Is "$\log xy$" ambiguous?
How should one interpret "$\log xy$"? Choices are
- it is the same as $\log(xy)$, for which there is no ambiguity
- without parentheses, only the $x$ is in the logarithm, and so it is equivalent to $\log(x)y$, which most would write as $y\log(x)$, for which there is no ambiguity
- it is not well defined, and so it has no meaning
People may have an opinion on this question, but if you can cite your answer from a reputable website or a book, I would greatly appreciate it as I have had no such luck.
Note that this ambiguity does not occur when we are taking the log of a fraction as the log is written level with the division line and so the entire fraction can be viewed as one object.

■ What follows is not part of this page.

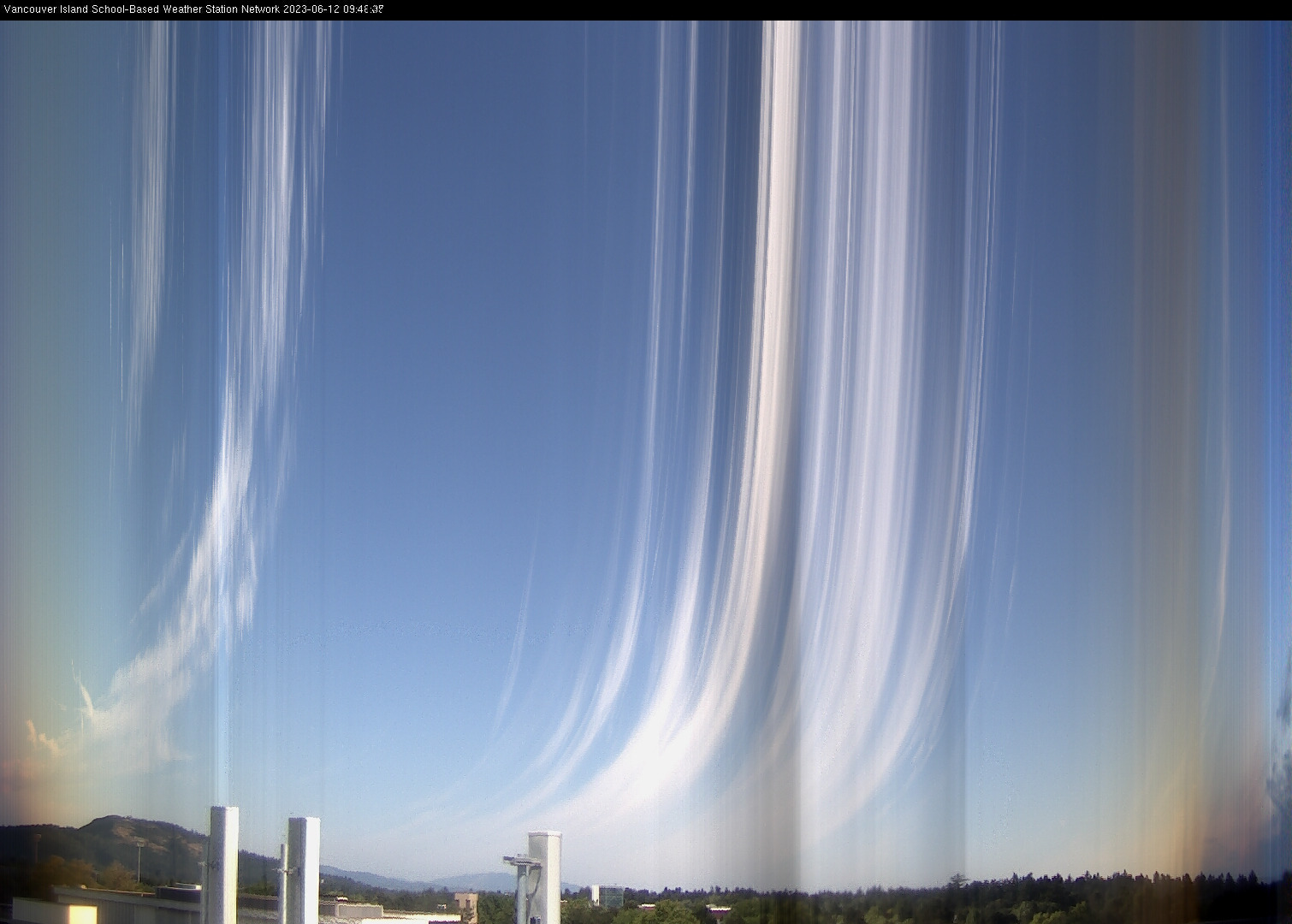 image of the sky seen from UVic, each column of pixels is a different minute, keogram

Update: one reason I ask this question is that in grading student's work, I need to decide whether or not to count off for incorrect notation if they write logxy when they mean log(xy).
Solution 1:
If someone meant $y\log x$, they would write that in order to avoid any ambiguity. Thus it is reasonable to assume $\log xy$ means $\log(xy)$.
But many prefer not to assume at all, as it must be done case-by-case without rigorous rules. And if you have to assume, you can never be certain what the author meant, at least without context.
Solution 2:
I don't know if the Desmos graphing calculator counts as an authority on the subject, but it seems to interpret it as option 1. Most people that I know, including myself, would also interpret it as option 1. This also seems to be the case for other such parentheses-less functions, such as $\sin xy$. If any ambiguity is caused, it's good practice to put parentheses around the argument of a function for clarification.